## Exercise
Which lines run from the one containing "Oxford® Two Pocket" through the end of the entries? Restate them word for word, and only those.
Segment Start: Records supplied
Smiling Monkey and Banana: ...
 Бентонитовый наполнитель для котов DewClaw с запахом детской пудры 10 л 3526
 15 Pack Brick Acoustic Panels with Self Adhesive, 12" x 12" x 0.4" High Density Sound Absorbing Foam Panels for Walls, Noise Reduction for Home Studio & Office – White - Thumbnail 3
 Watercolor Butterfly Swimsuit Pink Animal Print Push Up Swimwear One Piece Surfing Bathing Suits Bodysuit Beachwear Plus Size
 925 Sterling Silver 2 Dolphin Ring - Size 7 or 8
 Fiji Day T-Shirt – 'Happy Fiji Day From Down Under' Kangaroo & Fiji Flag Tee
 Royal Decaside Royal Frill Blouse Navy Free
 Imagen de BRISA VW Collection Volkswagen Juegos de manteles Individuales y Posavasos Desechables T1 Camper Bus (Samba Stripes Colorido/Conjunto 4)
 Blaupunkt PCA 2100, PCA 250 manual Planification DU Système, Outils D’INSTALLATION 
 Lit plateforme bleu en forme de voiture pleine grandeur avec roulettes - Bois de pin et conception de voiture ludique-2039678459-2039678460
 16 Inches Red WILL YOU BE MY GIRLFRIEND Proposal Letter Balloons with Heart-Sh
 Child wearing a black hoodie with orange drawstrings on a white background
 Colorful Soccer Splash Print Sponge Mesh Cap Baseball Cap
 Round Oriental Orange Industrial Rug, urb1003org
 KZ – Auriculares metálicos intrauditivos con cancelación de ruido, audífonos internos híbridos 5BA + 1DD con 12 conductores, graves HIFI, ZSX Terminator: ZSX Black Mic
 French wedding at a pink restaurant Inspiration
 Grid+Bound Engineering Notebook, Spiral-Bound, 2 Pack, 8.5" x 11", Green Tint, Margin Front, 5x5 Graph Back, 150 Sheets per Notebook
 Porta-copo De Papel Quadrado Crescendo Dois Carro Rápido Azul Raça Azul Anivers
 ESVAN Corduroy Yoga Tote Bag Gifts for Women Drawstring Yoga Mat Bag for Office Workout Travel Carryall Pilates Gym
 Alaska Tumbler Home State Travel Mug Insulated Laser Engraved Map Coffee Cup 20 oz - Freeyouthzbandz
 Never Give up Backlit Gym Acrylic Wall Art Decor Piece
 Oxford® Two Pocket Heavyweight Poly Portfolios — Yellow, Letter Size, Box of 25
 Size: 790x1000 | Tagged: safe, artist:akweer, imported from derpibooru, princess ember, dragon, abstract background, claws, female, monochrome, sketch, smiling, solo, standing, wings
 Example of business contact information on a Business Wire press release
Segment End: Records supplied
## The answer
 Oxford® Two Pocket Heavyweight Poly Portfolios — Yellow, Letter Size, Box of 25
 Size: 790x1000 | Tagged: safe, artist:akweer, imported from derpibooru, princess ember, dragon, abstract background, claws, female, monochrome, sketch, smiling, solo, standing, wings
 Example of business contact information on a Business Wire press release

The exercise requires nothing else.